When we got home from school, she was too exhausted to help us with homework; I have so many memories of giving her my spelling list and her falling asleep before reading me word 3 out of 10. Having a single mom meant that we were shipped around to a lot of family members, including a heavy reliance on my grandma. And I never really saw a healthy marriage.

However, that is only one side of the story. The other side is the fact that my dad only moved 10 minutes away so that he could see us. He got sober within 1 year and stayed sober for the rest of his life. I had the pleasure to spend time getting to know cousins, neighbors, and friends. My mom got the help she needed, went to counseling, thrived in her career, and never missed a performance or even a rehearsal. 

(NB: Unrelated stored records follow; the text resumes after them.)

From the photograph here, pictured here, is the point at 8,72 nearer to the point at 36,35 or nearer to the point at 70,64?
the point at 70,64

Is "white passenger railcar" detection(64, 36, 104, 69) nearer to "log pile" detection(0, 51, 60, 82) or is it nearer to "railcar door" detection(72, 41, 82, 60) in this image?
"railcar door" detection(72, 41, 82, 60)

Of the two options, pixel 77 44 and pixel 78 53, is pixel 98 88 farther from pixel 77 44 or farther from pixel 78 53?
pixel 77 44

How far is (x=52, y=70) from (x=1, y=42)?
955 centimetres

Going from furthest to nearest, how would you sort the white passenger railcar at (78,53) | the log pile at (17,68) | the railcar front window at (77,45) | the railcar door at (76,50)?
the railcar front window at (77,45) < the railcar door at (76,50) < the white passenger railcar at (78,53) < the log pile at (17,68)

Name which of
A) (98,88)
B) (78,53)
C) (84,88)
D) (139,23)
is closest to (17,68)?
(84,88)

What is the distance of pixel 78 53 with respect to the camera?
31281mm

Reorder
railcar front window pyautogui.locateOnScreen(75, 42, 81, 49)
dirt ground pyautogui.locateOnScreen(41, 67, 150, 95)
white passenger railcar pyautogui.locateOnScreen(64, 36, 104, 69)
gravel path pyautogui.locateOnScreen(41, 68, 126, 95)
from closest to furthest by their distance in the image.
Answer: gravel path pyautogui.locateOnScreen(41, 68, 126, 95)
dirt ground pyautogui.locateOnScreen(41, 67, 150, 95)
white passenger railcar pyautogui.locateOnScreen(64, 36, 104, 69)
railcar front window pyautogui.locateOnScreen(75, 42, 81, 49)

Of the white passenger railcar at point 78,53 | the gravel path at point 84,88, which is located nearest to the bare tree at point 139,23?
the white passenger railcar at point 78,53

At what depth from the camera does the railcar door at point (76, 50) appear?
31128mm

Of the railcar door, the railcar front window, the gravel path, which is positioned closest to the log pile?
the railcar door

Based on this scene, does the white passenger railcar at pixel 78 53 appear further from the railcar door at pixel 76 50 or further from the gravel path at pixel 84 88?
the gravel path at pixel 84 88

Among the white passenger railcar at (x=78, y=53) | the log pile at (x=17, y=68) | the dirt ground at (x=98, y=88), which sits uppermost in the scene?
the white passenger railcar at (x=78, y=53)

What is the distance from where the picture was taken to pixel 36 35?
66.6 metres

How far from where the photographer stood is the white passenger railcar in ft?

I don’t think I realized how tough my childhood was until I learned about psychology in high school and college. As a kid, I loved the way I was raised! Looking back now and knowing what I know about the struggles that all families go through in our world, I would definitely say that my childhood was better than most. Which was due, almost exclusively, to my mom. 

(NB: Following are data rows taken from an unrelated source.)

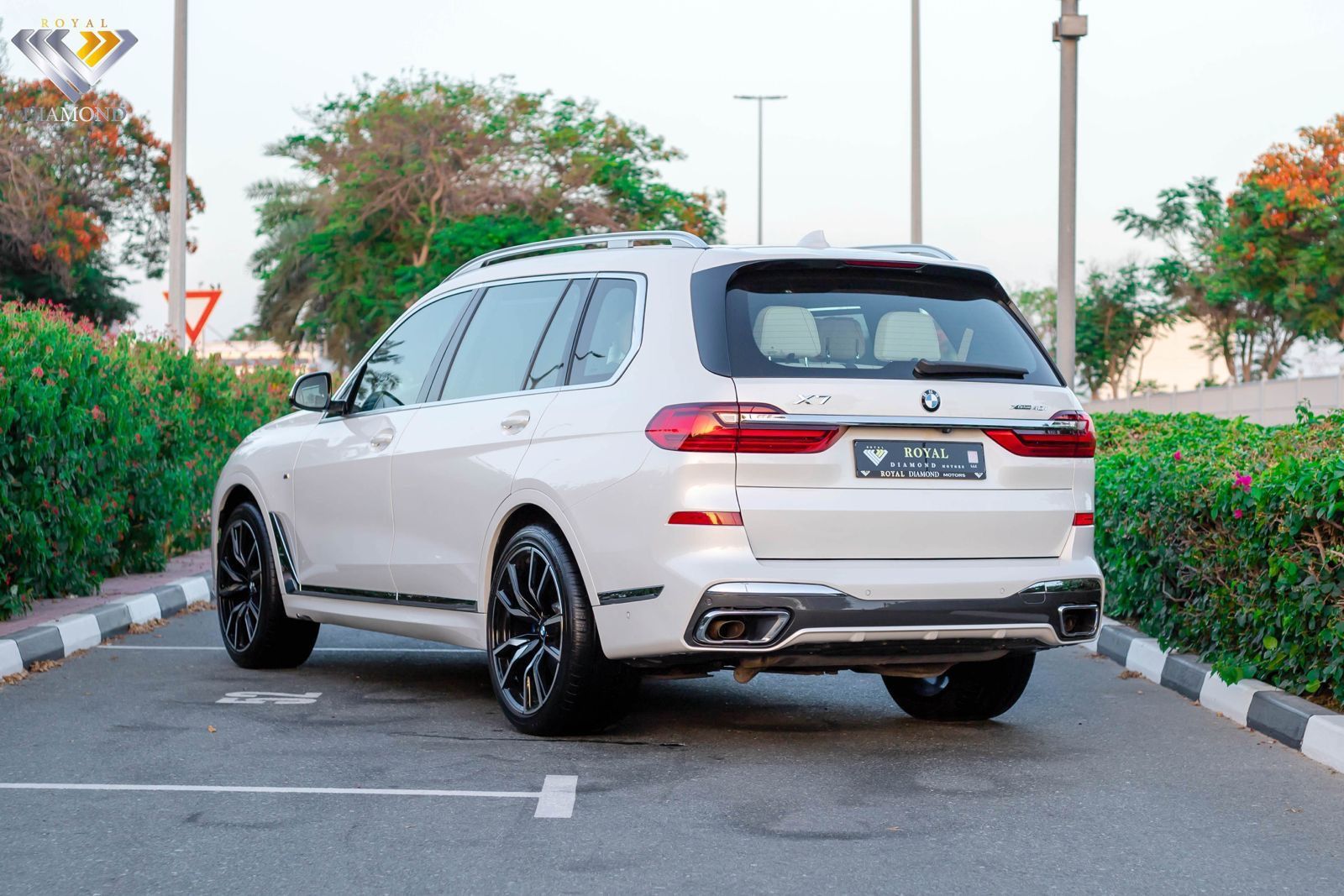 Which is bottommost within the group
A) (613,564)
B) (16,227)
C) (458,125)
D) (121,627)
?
(121,627)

My mom always had a fun and cheap activity for us to do, like making coffee filter flowers or building Legos. She taught us how to swim, how to fold laundry, and how to share our feelings. From where I sat, she never let her difficult circumstances impact her relationship with her children. I think the thing I admire most about my mom is that she had convictions and lessons that she stood by and never wavered on those things.

I carry her lessons with me in my heart and share her simple phrases on an almost daily basis.

Right now, I’m the same age that my mom was when she became a mom. Although I don’t have kids of my own yet, I feel that I can see the world closer to the way that she saw it when she was my age. We’ve both experienced love, heartbreak, success, failure, pain, and overwhelming joy. I think I see now how my mom’s lessons weren’t just lessons for us as kids, but reminders for herself about how to survive loving an addict, loving herself, and loving her life. 

I hope that sharing my mom’s lessons for me can also be lessons for others who are learning to love in life with an addict...

 

Stay tuned for more in this series, Lessons from My Mother.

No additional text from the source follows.